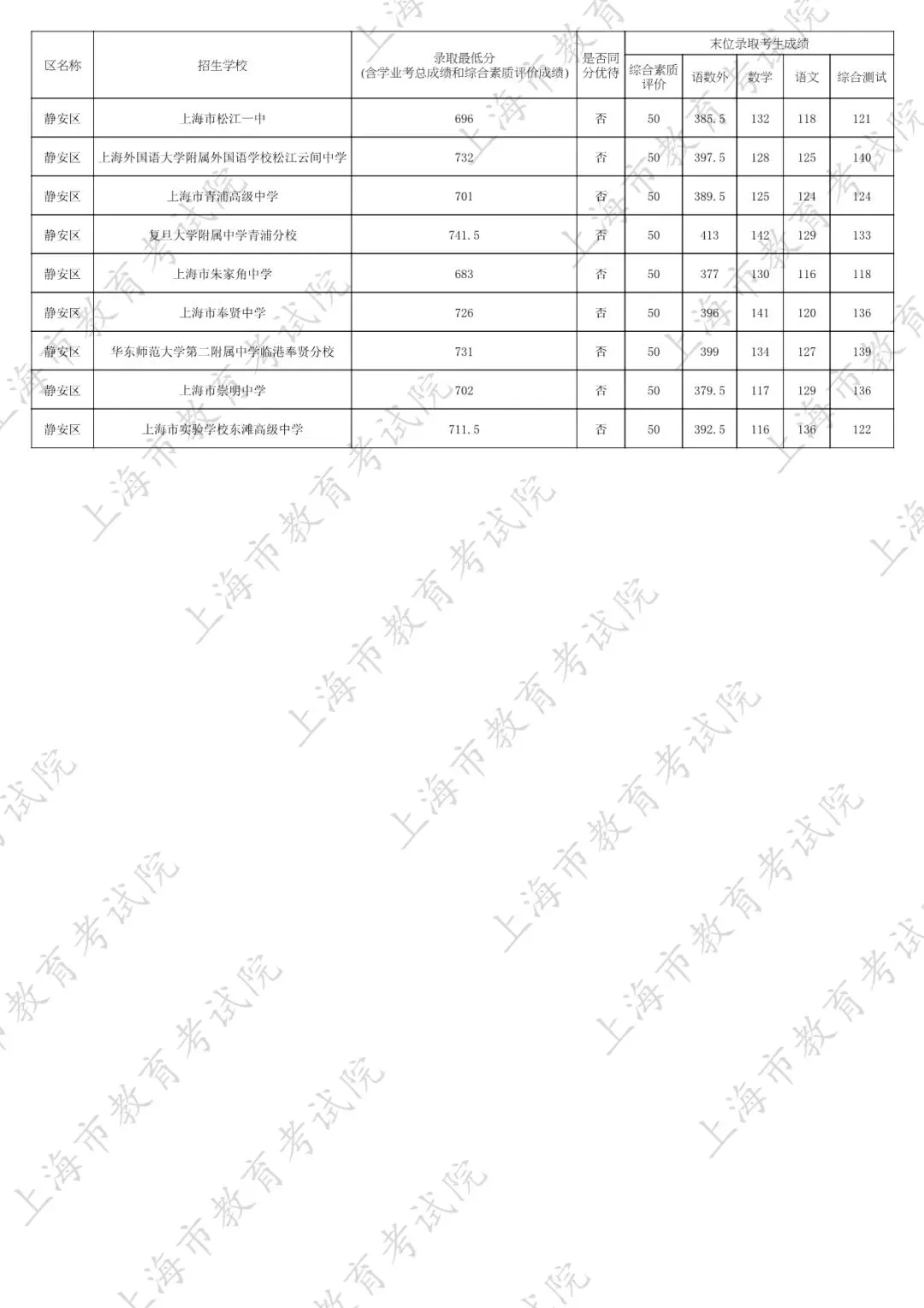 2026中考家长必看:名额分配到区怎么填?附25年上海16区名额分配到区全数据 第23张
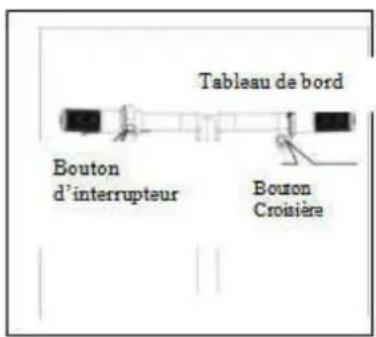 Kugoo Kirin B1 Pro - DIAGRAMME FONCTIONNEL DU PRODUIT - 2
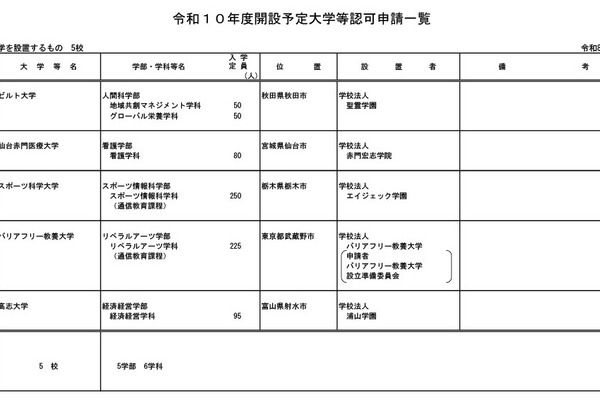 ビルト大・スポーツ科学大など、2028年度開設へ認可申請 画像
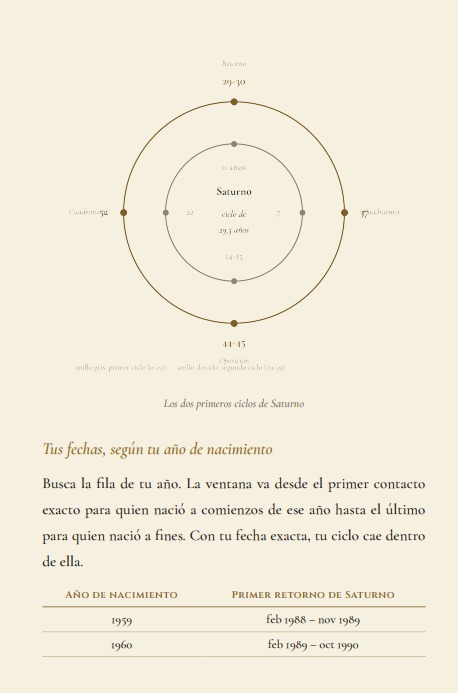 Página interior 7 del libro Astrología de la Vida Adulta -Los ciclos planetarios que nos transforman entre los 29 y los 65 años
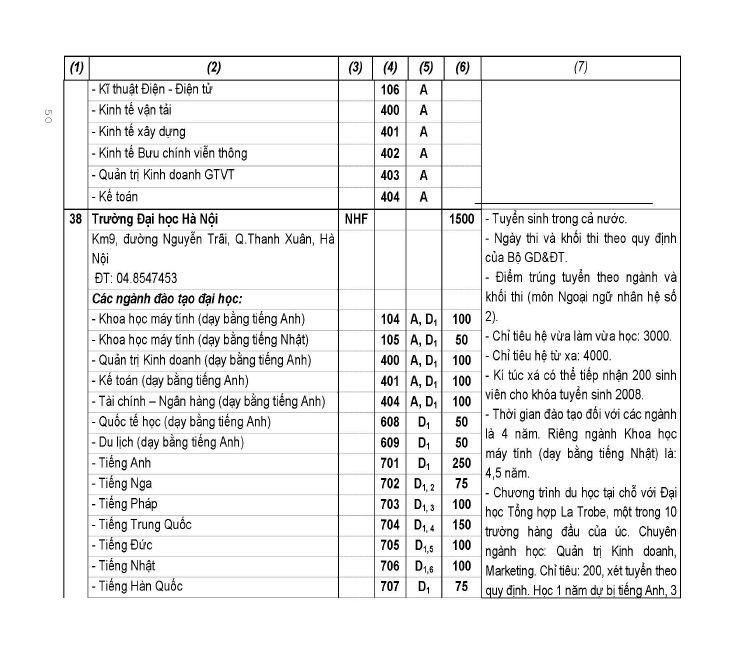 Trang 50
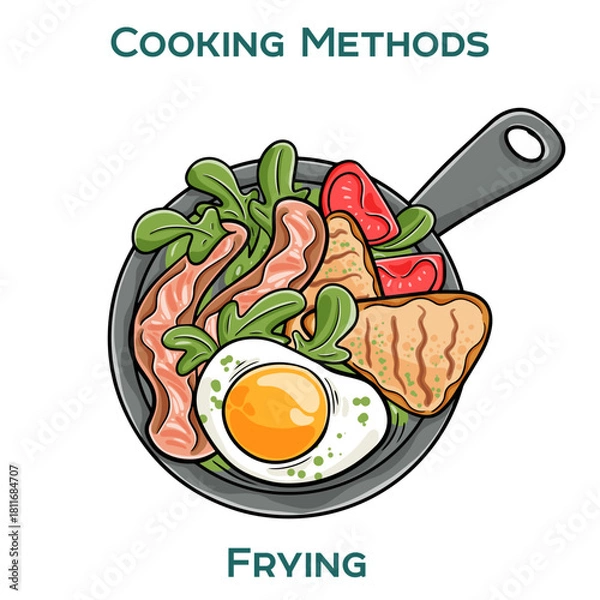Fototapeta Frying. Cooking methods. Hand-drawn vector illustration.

• **Exercise description**: All of the lines above should be retyped precisely, apart from the pictures.

• **Your solution**:
 2026中考家长必看:名额分配到区怎么填?附25年上海16区名额分配到区全数据 第23张
 Kugoo Kirin B1 Pro - DIAGRAMME FONCTIONNEL DU PRODUIT - 2
 ビルト大・スポーツ科学大など、2028年度開設へ認可申請 画像
 Página interior 7 del libro Astrología de la Vida Adulta -Los ciclos planetarios que nos transforman entre los 29 y los 65 años
 Trang 50
Fototapeta Frying. Cooking methods. Hand-drawn vector illustration.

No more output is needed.